Best edge control for styling
This product promises to “feel like gel, hold like glue,” a claim Monique confirms. She says this is the “strongest gel hold” among the formulas she’s tried, which is why it’s best for “doing FKA twigs–style baby hairs” or similarly dramatic styles, Kennard adds. It goes on clear, and according to Monique, “it’s a nonsticky formula that will keep your edges in place all night long.”
Best edge control for kids
Not only does Monique think Curls Blueberry Bliss Curl Control Paste is “great for wavy, curly, very curly, and even kinky textures,” but she also says it’s safe to use on children since it’s “not too harsh.” Like the Design Essentials edge tamer, this paste is silicone-, sulfate-, paraben-, and fragrance-free — and it’s also formulated with organic blueberry extract to create a “delicate, edible-like fragrance” that Monique loves. Even with the kid-friendly scent and gentle ingredients, she says it’s strong enough to help her style braids and sleek ponytails on adults, too.
Best edge control for thinning edges
If your edges have been snatched or your hairline is thinning, the recommendation from our experts is to focus on nourishing the hair with oils and avoid any harsh products. “I like pumpkin seed oil and jojoba oil,” says Kahh Spence, stylist to Ella Mai and Kehlani, because “they help to moisturize and feed the hair, as well.” You should also avoid certain styles while growing your hair back. “Make sure you’re not putting too much tension on the edges if they are thinning, meaning no tight ponytails and no braiding in those areas,” he continues. “You want to make sure it’s as loose as possible in those areas, because the more tension you put in it, the faster they are going to thin.”
If you are going to use an edge control on your thinning edges, Spence suggests “lightly moisturizing and massaging the hairline with peppermint or lavender oil prior to using any edge control on thinning hair.” As for what edge control to use, Christopher recommends Instant Control Edge & Braid Gel Max because it’s lightly tinted, “so when you apply it to the hair, it makes your hair look a little bit fuller,” he says.

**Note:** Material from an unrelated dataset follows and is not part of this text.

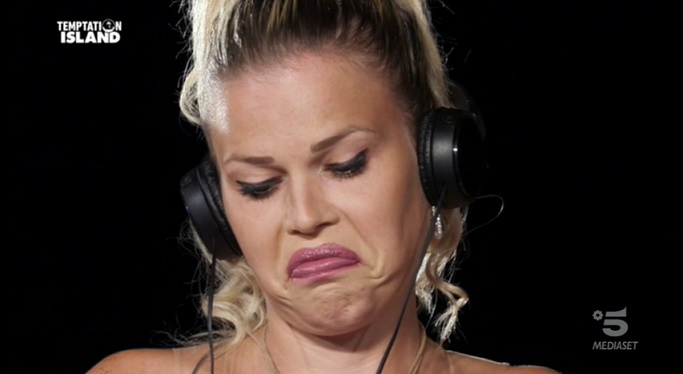 Temptation Island 8, anticipazioni quarta puntata: Carlotta non vuole più vedere Nello, Salvo dice qualcosa di ‘esterno al programma’ su Francesca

Best edge control alternative
Spence’s favorite edge control “surprisingly isn’t technically an edge control” at all, he says. The OGX Natural Finish + Aspen Texture Molding Paste is typically used to tame flyaways, but Spence says it’s good for edges because it “works for all hair textures and because it’s able to lay down hair and dries matte.” He also likes that it is water-based. “You want to make sure that whatever you’re using is not only going to lay down the edges but is also good for your hair,” he says, adding that “you don’t want to put too much oil on your hair,” especially around your hairline because it’ll cause breakouts. Because this is a texturizing paste and not a more traditional edge control, it won’t give you a shiny finished look, so Spence likes to add a touch of oil at the end of styling. “I still like to see some sort of shine,” he says.